◆ **TASK DIRECTIONS**
Copy exactly the lines from the one containing "Aerial View of" through the last line of the records below, both included, and leave out the pictures.

◆ **TASK INPUT**
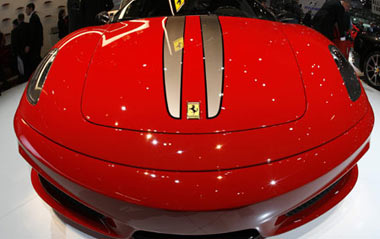 A Ferrari 430 Scuderia is displayed at the Ferrari showcase during the first media day of the 79th Geneva Car Show at the Palexpo in Geneva March 3, 2009.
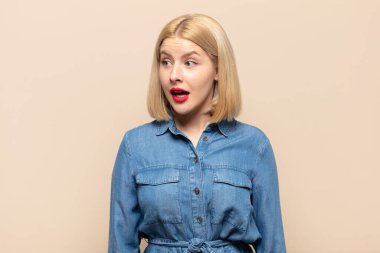 Sarışın kadın şaşkın, mutlu, şaşkın ve şaşırmış hissediyor, ağzı açık bir şekilde yana bakıyor.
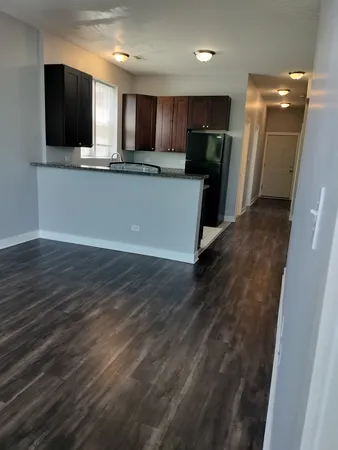 a view of a kitchen with a sink and a refrigerator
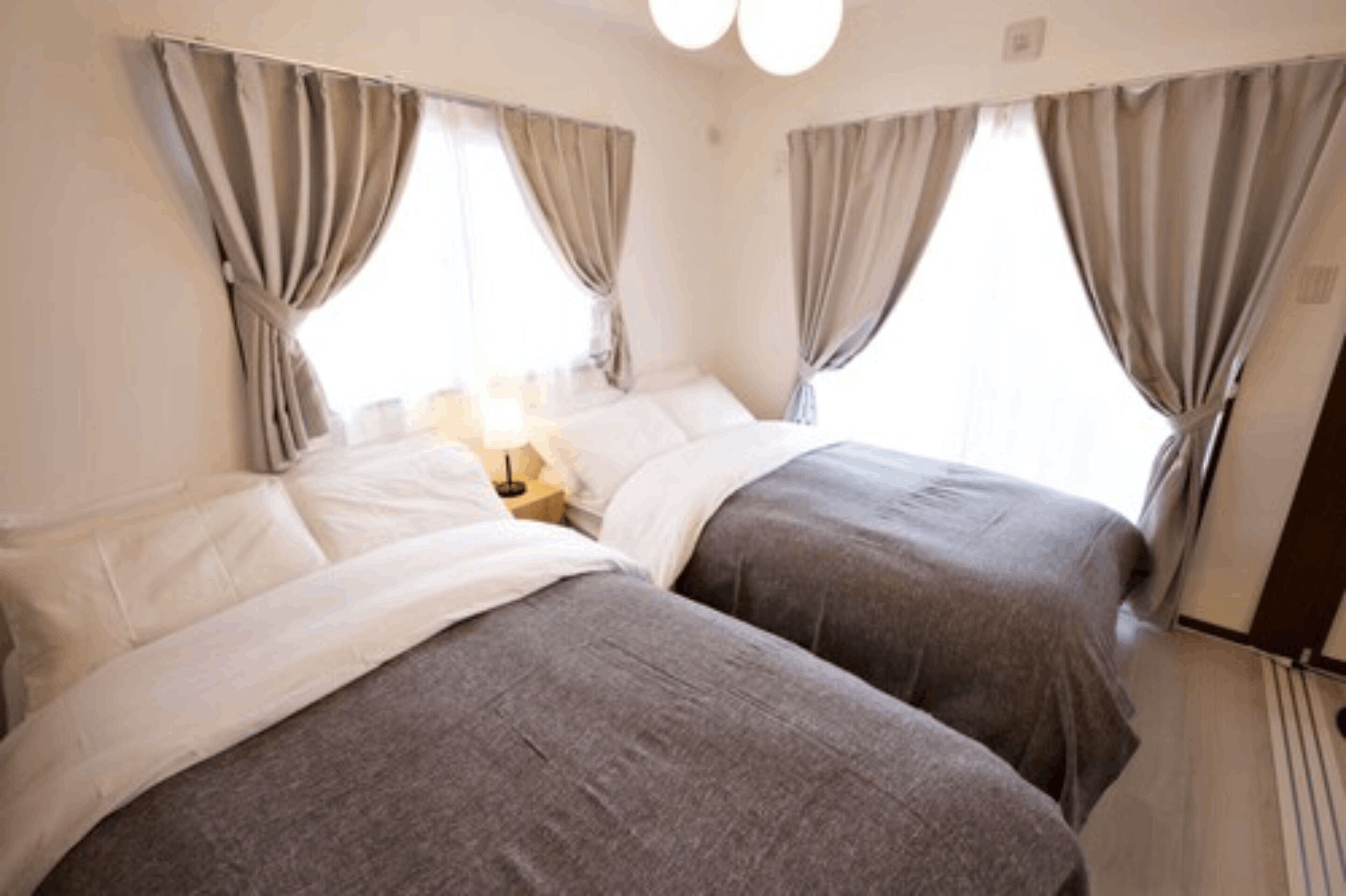 A hotel room with two beds, a nightstand, and curtains.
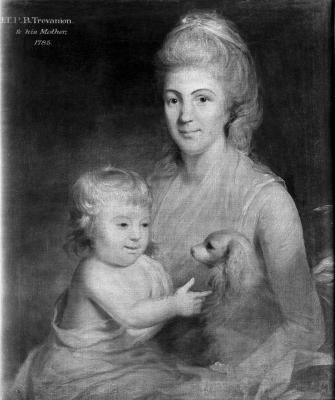 A woman holding a young child and a small spaniel on her lap.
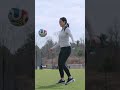 New England Revolution player Peyton Miller shows Nicole Gabe how pros dribble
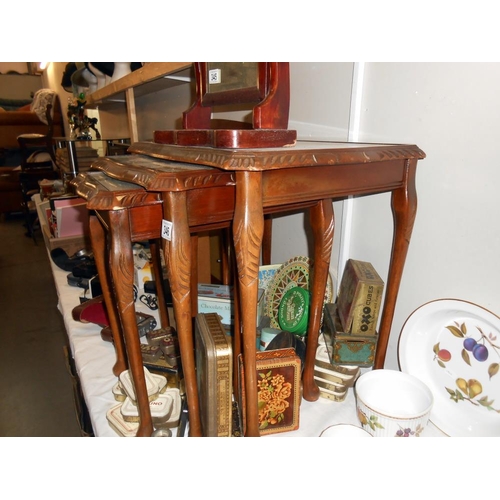 346 - A darkwood nest of tables with green leather inset and glass tops, Height 53.5cm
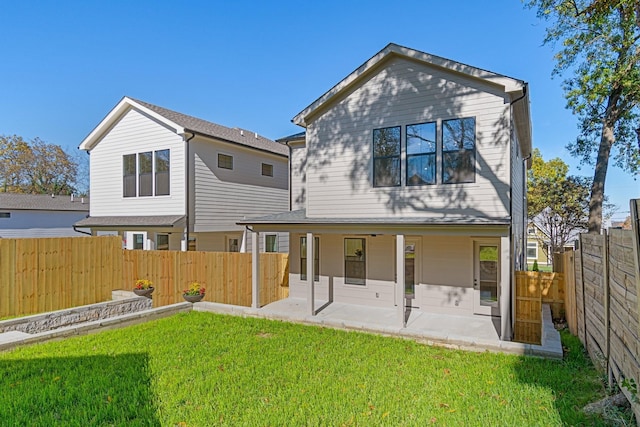 rear view of house with a patio and a lawn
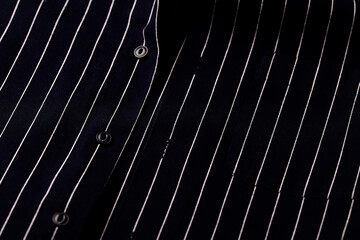 Close up of dark Men's shirt. Soft focus. Copy space.	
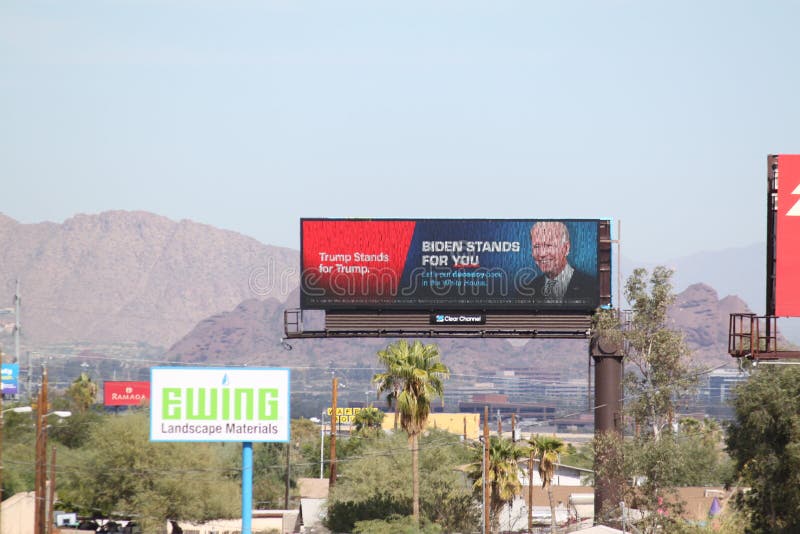 Phoenix, Ariz. / USA - October 31, 2020: Billboards urge people to vote for presidential candidate Joe Biden, with running mate Kamala Harris, in the 2020 election. Phoenix, Ariz. / USA - October 31, 2020: Billboards urge people to vote for presidential candidate Joe Biden, with running mate Kamala Harris, in the 2020 election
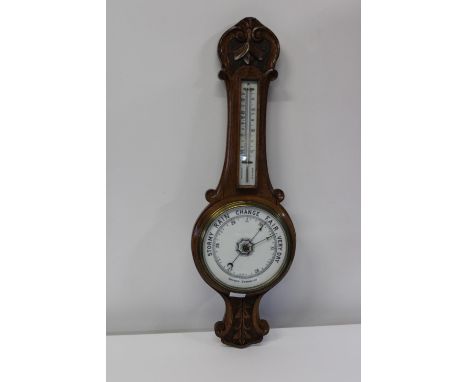An antique oak cased banjo barometer 82cm in length 
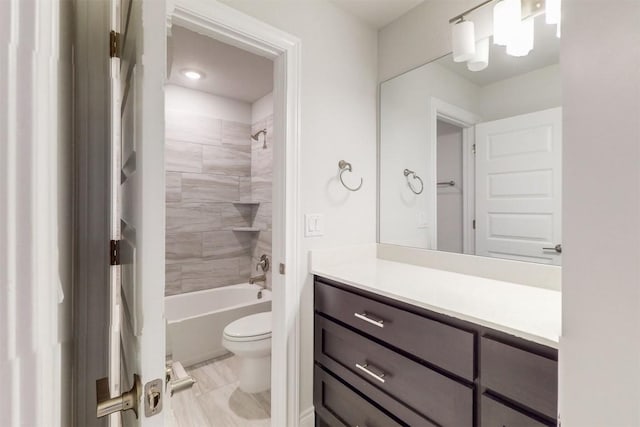 full bathroom featuring tiled shower / bath combo, toilet, and vanity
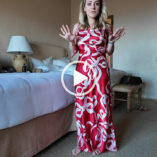 Fleur De Force stands in a hotel room in California. She wears a red and white cowl neck dress. Fleur appears in front of two large white and beige beds with her blonde hair loose and naturally curled.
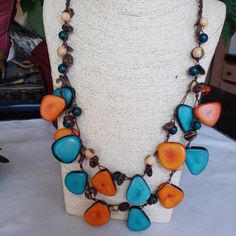 Handcrafted Tagua And Acai Seed Artisanal Necklace Made In Ecuador. Bright Summer Colors That Will Go Perfectly With White, Beige And Black Color Outfits. Tagua Nuts Come From The Amazonia Rainforest Of Ecuador, Acai Seeds Are From Brasil Rain Forests And Ate Imported By Ecuadorian Artisan Jewelry Makers Because Acai Looks Very Suitable In Combination With T Agua Chips. Casual Multicolor Fair Trade Jewelry, Adjustable Blue Fair Trade Necklace, Fair Trade Multicolor Beach Jewelry, Fair Trade Multicolor Jewelry For Beach, Multicolor Fair Trade Jewelry For The Beach, Blue Fair Trade Beaded Necklaces For Festivals, Artisan Orange Adjustable Necklace, Artisan Adjustable Orange Necklace, Adjustable Orange Artisan Necklace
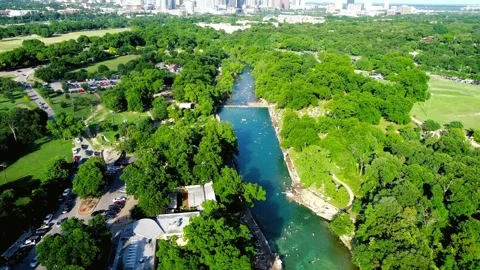 Aerial View of Serpentine River Winding Through Lush Green Landscape Vidéo 311654559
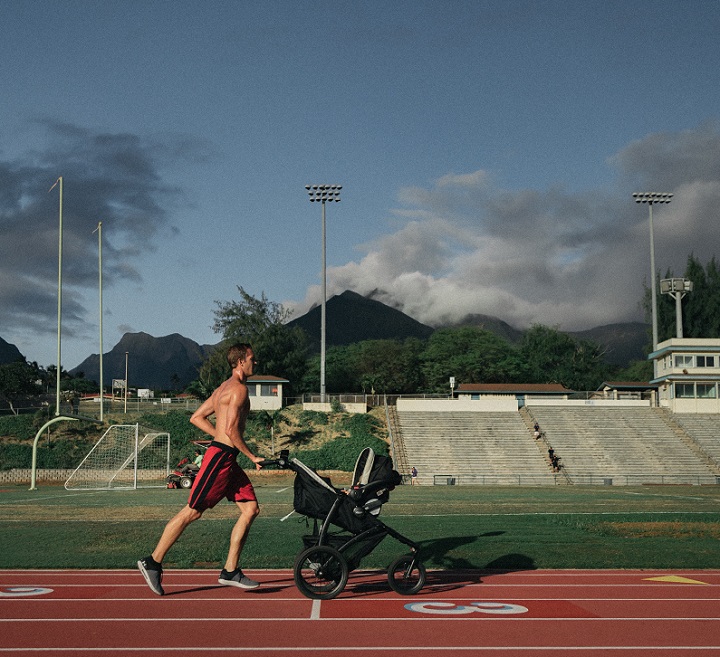 picture of a men jogging with a stroller on a field 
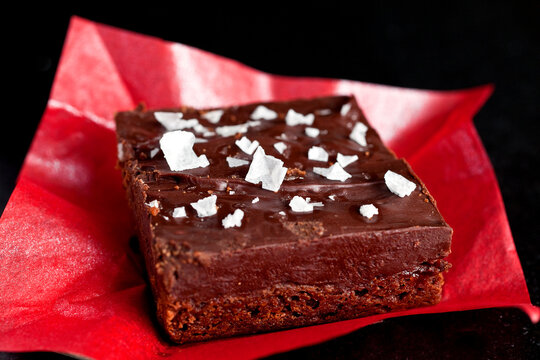 Close up of shortbread ganache bar on red paper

◆ **SOLVED EXERCISE**
 Aerial View of Serpentine River Winding Through Lush Green Landscape Vidéo 311654559
 picture of a men jogging with a stroller on a field 
 Close up of shortbread ganache bar on red paper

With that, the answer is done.